Personal information
- Full name: Henry Deacon
- Born: 25 December 1809 Leicester, Leicestershire, England
- Died: 18 August 1854 (aged 44) Leicester, Leicestershire, England
- Batting: Unknown
- Bowling: Unknown

Career statistics
| Competition | First-class |
| Matches | 5 |
| Runs scored | 32 |
| Batting average | 4.57 |
| 100s/50s | –/– |
| Top score | 9 |
| Balls bowled | 349 |
| Wickets | 24 |
| Bowling average | ? |
| 5 wickets in innings | 2 |
| 10 wickets in match | – |
| Best bowling | 6/? |
| Catches/stumpings | 2/– |
- Source: Cricinfo, 8 September 2019

= Henry Deacon (cricketer) =

English cricketer and umpire

Henry Deacon (25 December 1809 – 18 August 1854) was an English first-class cricketer and umpire.

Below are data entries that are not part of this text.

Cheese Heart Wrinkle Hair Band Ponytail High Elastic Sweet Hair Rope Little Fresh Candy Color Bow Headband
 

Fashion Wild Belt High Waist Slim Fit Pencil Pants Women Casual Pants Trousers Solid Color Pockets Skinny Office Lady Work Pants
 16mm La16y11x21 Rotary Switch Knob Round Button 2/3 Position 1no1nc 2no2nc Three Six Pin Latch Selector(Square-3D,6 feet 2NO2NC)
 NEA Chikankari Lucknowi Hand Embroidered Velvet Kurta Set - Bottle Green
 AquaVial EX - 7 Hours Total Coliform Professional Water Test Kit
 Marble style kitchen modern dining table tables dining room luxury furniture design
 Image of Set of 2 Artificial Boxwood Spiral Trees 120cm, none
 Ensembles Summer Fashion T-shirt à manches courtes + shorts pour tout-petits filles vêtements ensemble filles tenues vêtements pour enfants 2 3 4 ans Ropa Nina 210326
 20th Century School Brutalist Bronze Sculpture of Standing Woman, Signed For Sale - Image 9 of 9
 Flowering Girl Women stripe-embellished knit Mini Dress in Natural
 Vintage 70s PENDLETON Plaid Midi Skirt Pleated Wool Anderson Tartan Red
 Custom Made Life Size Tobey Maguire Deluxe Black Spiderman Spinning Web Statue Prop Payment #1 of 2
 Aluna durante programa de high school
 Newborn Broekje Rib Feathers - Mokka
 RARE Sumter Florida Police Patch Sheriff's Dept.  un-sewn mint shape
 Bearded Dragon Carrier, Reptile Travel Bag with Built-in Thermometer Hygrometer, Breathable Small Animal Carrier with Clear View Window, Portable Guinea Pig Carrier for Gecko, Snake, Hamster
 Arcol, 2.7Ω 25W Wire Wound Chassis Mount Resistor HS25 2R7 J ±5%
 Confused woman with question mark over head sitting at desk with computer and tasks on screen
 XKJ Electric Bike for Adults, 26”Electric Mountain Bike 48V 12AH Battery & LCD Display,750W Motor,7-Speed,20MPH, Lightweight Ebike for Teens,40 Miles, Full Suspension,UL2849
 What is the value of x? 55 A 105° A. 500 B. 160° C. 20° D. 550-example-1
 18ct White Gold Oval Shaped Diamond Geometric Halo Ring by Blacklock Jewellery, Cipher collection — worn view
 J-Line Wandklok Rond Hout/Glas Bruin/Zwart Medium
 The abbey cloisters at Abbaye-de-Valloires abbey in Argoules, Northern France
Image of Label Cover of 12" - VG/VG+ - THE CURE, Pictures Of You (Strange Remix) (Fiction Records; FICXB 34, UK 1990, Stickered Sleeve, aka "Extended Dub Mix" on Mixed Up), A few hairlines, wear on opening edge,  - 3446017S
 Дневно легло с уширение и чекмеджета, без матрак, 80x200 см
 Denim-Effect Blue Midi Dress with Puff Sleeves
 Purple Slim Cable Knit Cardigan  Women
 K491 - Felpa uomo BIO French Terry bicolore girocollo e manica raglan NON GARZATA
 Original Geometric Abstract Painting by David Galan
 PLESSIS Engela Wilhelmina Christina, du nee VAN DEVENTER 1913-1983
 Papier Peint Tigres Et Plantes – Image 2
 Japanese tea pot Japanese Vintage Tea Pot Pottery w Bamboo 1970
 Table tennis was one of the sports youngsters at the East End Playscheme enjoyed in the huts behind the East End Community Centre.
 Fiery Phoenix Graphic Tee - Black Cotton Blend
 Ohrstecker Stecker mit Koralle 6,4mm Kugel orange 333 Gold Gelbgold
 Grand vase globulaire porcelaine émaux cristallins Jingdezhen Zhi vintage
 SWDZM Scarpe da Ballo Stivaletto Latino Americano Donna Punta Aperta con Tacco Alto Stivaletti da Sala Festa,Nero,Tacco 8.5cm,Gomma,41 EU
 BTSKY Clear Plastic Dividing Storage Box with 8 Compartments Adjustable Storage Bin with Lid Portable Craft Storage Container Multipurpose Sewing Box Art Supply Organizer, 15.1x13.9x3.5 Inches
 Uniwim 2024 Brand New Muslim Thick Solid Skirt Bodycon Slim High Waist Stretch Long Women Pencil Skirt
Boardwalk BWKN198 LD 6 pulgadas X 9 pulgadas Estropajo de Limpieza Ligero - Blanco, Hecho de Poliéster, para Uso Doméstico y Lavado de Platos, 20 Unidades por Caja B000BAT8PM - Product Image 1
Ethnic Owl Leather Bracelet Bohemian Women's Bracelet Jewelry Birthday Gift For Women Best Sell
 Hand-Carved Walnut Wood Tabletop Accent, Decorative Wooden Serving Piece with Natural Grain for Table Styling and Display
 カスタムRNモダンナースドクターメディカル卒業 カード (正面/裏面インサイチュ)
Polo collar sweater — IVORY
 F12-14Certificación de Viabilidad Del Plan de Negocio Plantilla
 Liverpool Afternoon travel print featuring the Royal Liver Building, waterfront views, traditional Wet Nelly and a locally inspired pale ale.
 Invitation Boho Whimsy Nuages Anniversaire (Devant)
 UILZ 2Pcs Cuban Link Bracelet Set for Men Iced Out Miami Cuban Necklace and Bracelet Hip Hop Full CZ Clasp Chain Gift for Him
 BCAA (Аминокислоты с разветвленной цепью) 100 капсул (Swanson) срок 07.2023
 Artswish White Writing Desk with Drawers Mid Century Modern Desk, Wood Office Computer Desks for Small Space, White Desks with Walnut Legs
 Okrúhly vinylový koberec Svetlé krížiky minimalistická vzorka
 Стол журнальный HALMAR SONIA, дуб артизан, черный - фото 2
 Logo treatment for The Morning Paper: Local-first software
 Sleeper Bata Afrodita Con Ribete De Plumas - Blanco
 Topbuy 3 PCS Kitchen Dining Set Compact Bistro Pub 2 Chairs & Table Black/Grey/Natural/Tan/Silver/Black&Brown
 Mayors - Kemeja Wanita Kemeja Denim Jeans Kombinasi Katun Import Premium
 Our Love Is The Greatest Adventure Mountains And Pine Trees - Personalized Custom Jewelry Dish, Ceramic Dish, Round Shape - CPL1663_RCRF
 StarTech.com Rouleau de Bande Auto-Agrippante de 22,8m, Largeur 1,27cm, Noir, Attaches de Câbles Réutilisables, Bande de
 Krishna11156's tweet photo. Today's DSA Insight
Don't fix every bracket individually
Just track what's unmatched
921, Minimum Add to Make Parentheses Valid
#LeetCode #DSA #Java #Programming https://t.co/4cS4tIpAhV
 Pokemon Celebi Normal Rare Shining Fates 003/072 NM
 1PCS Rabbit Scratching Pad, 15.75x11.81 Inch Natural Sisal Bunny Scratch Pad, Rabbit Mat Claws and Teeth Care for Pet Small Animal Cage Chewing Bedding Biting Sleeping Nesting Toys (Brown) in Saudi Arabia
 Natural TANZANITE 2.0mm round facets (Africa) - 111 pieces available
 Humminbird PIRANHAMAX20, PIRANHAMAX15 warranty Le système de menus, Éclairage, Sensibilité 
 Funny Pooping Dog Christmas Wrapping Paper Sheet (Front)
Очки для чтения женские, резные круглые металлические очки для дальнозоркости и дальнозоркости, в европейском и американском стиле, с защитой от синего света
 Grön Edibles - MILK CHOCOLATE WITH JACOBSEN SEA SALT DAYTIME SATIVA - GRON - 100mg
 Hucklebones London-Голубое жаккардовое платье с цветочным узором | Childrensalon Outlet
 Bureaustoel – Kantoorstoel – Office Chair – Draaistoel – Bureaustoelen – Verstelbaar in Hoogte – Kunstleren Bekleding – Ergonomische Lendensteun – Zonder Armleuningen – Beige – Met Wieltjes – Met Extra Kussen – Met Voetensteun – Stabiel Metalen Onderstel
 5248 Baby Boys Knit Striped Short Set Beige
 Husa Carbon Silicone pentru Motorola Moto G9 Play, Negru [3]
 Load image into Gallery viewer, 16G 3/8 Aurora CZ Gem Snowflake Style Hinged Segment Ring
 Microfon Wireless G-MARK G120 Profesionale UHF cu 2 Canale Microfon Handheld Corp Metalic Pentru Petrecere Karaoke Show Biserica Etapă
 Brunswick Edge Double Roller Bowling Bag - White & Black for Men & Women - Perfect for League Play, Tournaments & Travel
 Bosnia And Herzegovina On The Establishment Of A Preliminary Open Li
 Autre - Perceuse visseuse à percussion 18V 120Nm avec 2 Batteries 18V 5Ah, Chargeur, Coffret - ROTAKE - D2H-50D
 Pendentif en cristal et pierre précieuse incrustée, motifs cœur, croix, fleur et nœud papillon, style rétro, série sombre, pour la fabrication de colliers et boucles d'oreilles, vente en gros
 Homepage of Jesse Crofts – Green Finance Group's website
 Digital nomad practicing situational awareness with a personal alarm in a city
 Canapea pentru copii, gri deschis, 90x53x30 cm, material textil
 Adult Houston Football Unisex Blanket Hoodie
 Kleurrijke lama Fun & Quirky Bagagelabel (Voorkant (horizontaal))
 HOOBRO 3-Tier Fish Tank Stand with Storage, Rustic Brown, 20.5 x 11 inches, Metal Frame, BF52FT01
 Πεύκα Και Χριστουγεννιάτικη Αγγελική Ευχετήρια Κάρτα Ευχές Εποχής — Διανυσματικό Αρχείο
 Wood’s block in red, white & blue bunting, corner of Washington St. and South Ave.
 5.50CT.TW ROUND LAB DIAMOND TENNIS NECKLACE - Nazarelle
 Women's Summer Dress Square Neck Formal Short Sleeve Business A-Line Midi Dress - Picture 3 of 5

Deacon was born at Leicester in December 1809. He made his debut in first-class cricket for the North against the Marylebone Cricket Club at Lord's in 1840. He made four further first-class appearances for the North, with his final appearance coming in 1842. Playing as a bowler, he took 24 wickets in his five first-class matches, taking five wickets in an innings on two occasions. He scored 32 with the bat, with a high score of 9. In addition to playing first-class cricket, he also played in minor matches for Leicester and Warwickshire. He stood once as an umpire in a first-class match between Nottinghamshire and Kent in 1841. Deacon died at Leicester in August 1854.